Die grossen Schwierigkeiten bei der Weiterentwicklung des Krankenversicherungssystems sind am Montag an einem Anlass der Schweizerischen Gesellschaft für Gesundheitspolitik einmal mehr zutage getreten. Denn die Geister der Teilnehmer schieden sich schon an der Frage, wie hoch die Umverteilung in der Grundversicherung – also etwa von Gesund zu Krank und damit grösstenteils von Jung zu Alt, von Reich zu Arm und über die Kantonsgrenzen hinweg – eigentlich ist und wie die Solidarität im Gesundheitswesen einer perfekten Welt ausgestaltet sein sollte.

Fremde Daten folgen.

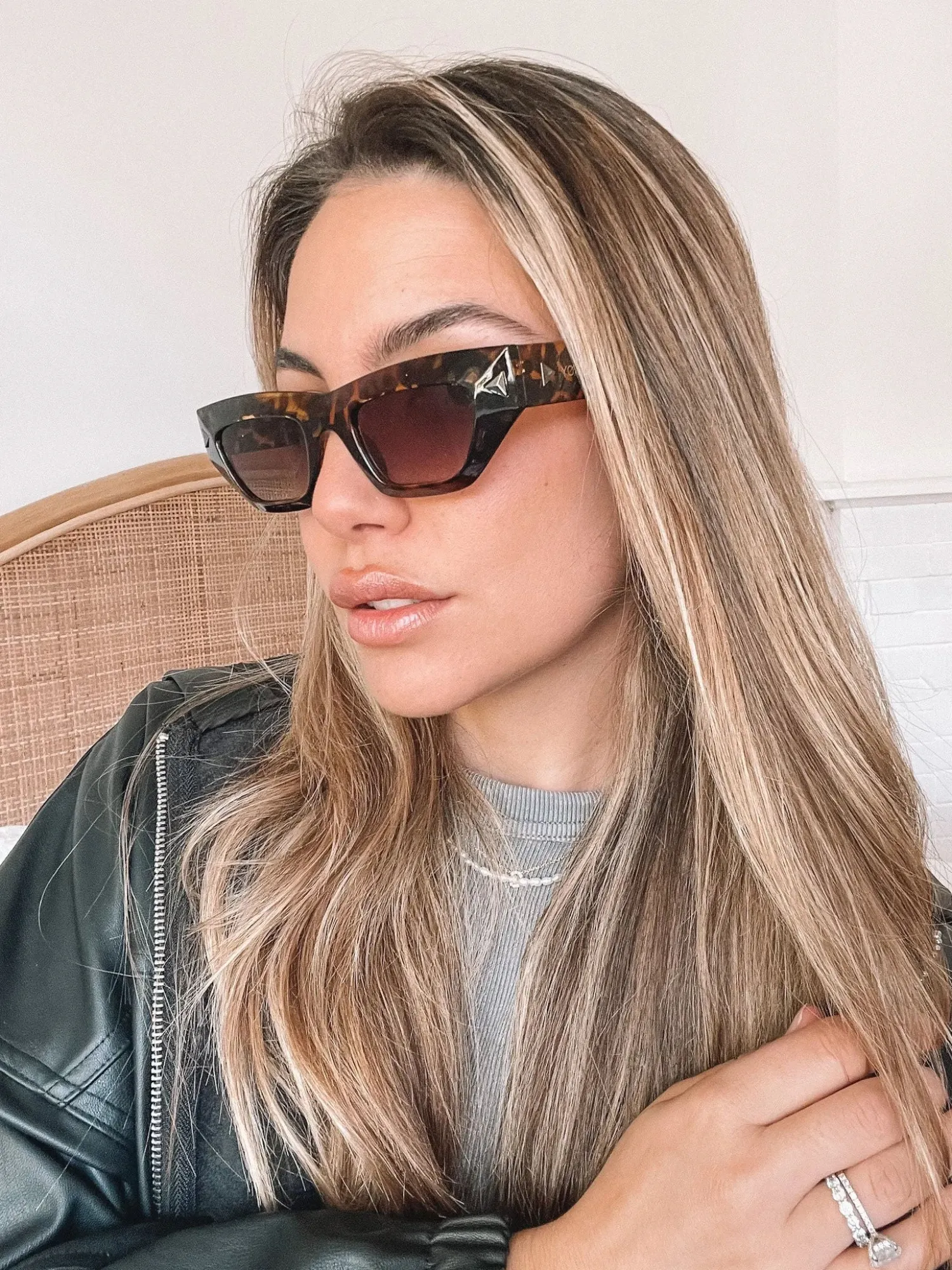 Millie | Dark Tortoise Accessories|Sunglasses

Während einige Redner die Meinung vertraten, dass sich beispielsweise die Transfers zwischen Jung und Alt unter Einbezug der Rabatte für Jugendliche, der Prämienzahlung durch die Eltern sowie der individuellen Prämienverbilligungen (IPV) ungefähr die Waage hielten, sahen andere Ökonomen allein schon durch die demografische Entwicklung grössere Nachteile für die jüngere Generation. Sie müssten im Verhältnis zu den selbst verursachten Gesundheitsausgaben den mit Abstand höchsten Solidarbeitrag leisten, hiess es. Dieser steige sogar noch an, weil sich das Problem mit einer grösseren Teuerung für die Gesundheitsausgaben bei den älteren Generationen verschärfe. Die starke Belastung der 19- bis 25-Jährigen habe allerdings auch damit zu tun, dass diese Personengruppe wenig Fürsprecher in der Gesundheitspolitik habe und die Jugendlichen daher generell stark zur Kasse gebeten würden.

Gemäss Konstantin Beck, Gesundheitsökonom und Mitarbeiter der CSS-Versicherung, ist das Verhältnis von Solidarität und Eigenverantwortung im Gesundheitswesen – je nach Weltanschauung – stark umstritten. Dies zeigten bereits die Debatten, ob bestimmte Leistungen von der Grundversicherung und damit von der Allgemeinheit getragen werden sollten oder ob die Prämien in einigen Kantonen zu hoch beziehungsweise zu niedrig berechnet würden. Hinzu käme, dass sich im Krankenversicherungsgesetz planwirtschaftliche Artikel mit solchen abwechselten, die im Gesundheitswesen den Wettbewerb förderten.

Natürlich steht beim Thema Umverteilung im Gesundheitswesen immer auch der Risikoausgleich im Mittelpunkt. Diesen braucht es im System, um unerwünschte Anreize der Risikoselektion durch die Krankenkassen zu vermindern und gleichzeitig den Generationenvertrag abzusichern. Allerdings sind zahlreiche Missstände im heutigen Gesundheitswesen darauf zurückzuführen, dass es von 1996 bis 2014 nicht gelungen ist, einen adäquaten Risikoausgleich verbindlich festzulegen.